Harttgen'in uzun soluklu katkılarıyla farklı bir kişiliğe bürünen Hunt, bir dönemden sonra sadece futbolu ile gündeme gelmeye başladı. Barcelona ile oynanan bir Şampiyonlar Ligi maçında Schaaf sürpriz bir karar imza atıp, Hunt'ı sol kanatta oynatınca, şaşıran sadece Almanlar değil, Katalanlar da olmuştu. Barcelona sağbeki Oleguer'i adeta yerle bir eden Hunt'a Barcelona Teknik Direktörü Frank Rijkaard, Lilian Thuram'ı oyuna alarak müdahale etti ve biraz olsun ilk kez Şampiyonlar Ligi'nde boy gösteren yeteneği durdurabildi.
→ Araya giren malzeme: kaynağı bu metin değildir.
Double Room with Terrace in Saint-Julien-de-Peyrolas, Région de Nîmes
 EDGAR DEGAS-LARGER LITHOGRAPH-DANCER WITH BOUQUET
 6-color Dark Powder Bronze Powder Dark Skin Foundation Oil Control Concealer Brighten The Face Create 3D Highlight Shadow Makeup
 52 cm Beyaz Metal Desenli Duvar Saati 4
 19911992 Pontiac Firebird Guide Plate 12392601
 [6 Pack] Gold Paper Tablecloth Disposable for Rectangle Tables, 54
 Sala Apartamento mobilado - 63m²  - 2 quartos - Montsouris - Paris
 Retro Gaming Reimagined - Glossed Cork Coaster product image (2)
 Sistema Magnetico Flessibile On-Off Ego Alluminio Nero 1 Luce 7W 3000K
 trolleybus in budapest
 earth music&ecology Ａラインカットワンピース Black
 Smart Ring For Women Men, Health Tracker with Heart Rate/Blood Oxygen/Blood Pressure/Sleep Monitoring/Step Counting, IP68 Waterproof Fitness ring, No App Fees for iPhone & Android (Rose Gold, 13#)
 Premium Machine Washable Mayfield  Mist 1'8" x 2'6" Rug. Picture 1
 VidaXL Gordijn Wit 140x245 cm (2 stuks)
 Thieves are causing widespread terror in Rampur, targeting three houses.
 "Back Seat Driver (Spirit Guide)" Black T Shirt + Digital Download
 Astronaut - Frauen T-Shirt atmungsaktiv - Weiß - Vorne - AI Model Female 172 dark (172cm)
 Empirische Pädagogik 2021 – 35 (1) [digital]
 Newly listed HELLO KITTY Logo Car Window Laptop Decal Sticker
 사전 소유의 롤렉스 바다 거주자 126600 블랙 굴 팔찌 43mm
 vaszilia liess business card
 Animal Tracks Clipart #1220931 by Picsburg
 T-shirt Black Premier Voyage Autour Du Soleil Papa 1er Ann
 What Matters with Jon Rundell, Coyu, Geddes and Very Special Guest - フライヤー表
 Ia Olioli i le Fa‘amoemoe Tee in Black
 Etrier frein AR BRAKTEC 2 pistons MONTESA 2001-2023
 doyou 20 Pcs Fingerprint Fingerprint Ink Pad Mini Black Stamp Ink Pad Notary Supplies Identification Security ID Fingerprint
Hunt'ın bu çıkışı devam etti. Ancak 2007 yılında meydana gelen ağır diz sakatlığı genç oyuncuyu tam 7 ay futboldan uzaklaştırdı. Sakatlığı bir türlü çözülemiyordu, bir çok uzmana görüşüne rağmen müdahale dahi edilemiyordu, ancak Hunt o dönemde gayret gösterip, sahalara dönmeyi başardı. O günlerde sadece sahalara dönüşü değiştirmedi hayatını. Rehabilitasyon sırasında aynı merkezde çalışan Semra Polatgil isimli bir Türk ile tanışan Hunt, hayatının arkadaşını da bulmuştu. Polatgil hem okuyor, hem de futbol oynuyordu ve Hunt ile aynı sorunu yaşıyordu. Bir diz sakatlığı onun da futbol hayatını tehlikeye atmış ve hatta kısa süre sonra bitirmişti. En zor günlerinde tanışan ikili 2010 yılında evlendi. "Maçlarımı evde beraber tekrar izliyoruz ve beni en çok o eleştiriyor" diyen Hunt, eşinin futbol bilgisine çok güveniyor, keza Semra Hunt A Lisanslı bir futbol antrenörü ve altyapı düzeyinde takım çalıştırmış bir uzman.

Aaron Hunt için bir dönüm noktası da Thomas Schaaf sonrası Robin Dutt'un göreve gelmesi oldu. Yıllardır 10 numara mevkiinde forma giymek isteyen, ancak Mesut, Micoud gibi oyuncuların var oluşu nedeniyle oraya bir türlü monte edilemeyen Hunt, Dutt ile birlikte umduğunu buldu ve o mevkide Bremen'in beyni ve en önemli silahı oldu kısa sürede. Kanatlarda ve forvet arkasında da oynayabilen Hunt, tekrar çağrıldığı Alman Milli Takımı'nda da forvet arkasında forma giydi. Manuel Fernandes'in muhtemel gidişiyle açılacak olan boşluğu Hunt doldurabilir ve belki de aidiyet duygusuyla Portekizli yıldızdan çok daha fazlasını verebilir.